Lo que parece claro, en la pirámide de las visiones, es que Orozco ha realizado el salto al sitio donde no hay punto de referencia, al lugar donde no hay comparaciones de largo plazo, al cosmos donde la armonía del círculo mágico y el círculo lógico ha sido abolida en favor de la arbitrariedad y ha llegado al espacio-tiempo, donde 2 más 2 suman 5, en una decisión tan enigmática y peligrosa como irreductible.
Sin embargo, y esto es lo sorprendente, también observamos en su obra ciertas regularidades típicas: la reflexión sobre la elipse y el acercamiento al carácter fractal y, al mismo tiempo, absoluto del ritmo y la repetición. Asimismo, constatamos una fuerte coherencia. A lo largo de su trayectoria, Orozco ha colocado en el centro de su creación, en términos de imagen, a la O, al cero, a la circunferencia como forma aglutinadora. En todas partes hay ruedas, discos enormes o galaxias mínimas (a lápiz o tinta, en fotografías o en materiales varios, hasta en muebles). Muchas de sus piezas a lo Duchamp son círculos; y buena parte de su geometría también son círculos.
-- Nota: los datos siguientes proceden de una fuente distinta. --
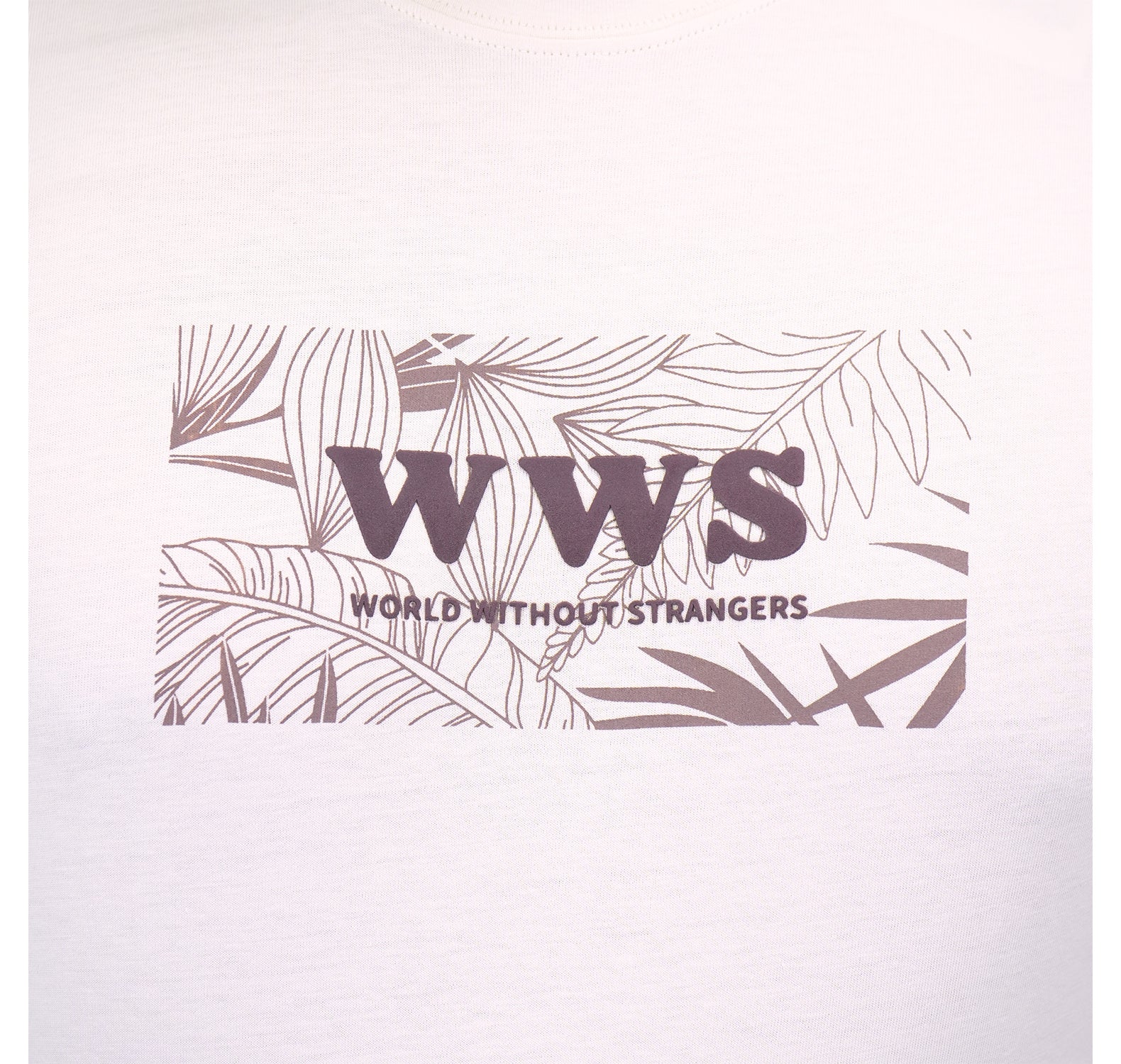 Men's Cotton Jersey Crewneck Short Sleeve Slim Fit Wws Print Tee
Así, pues, podemos descubrir dos puntos de vista que me atrevería a decir están muy bien articulados: la justificación conceptual de cualquier aventura y, en contrapunto, una extraña reflexión sobre la sección áurea. A estas dos ópticas podríamos, muy bien, sumar la mirada de los críticos, a veces limitada —por aceptación o negación acríticas— y a veces, pocas, perspicaz. La obra misma de Orozco es un extraño poliedro de propósitos paradójicos.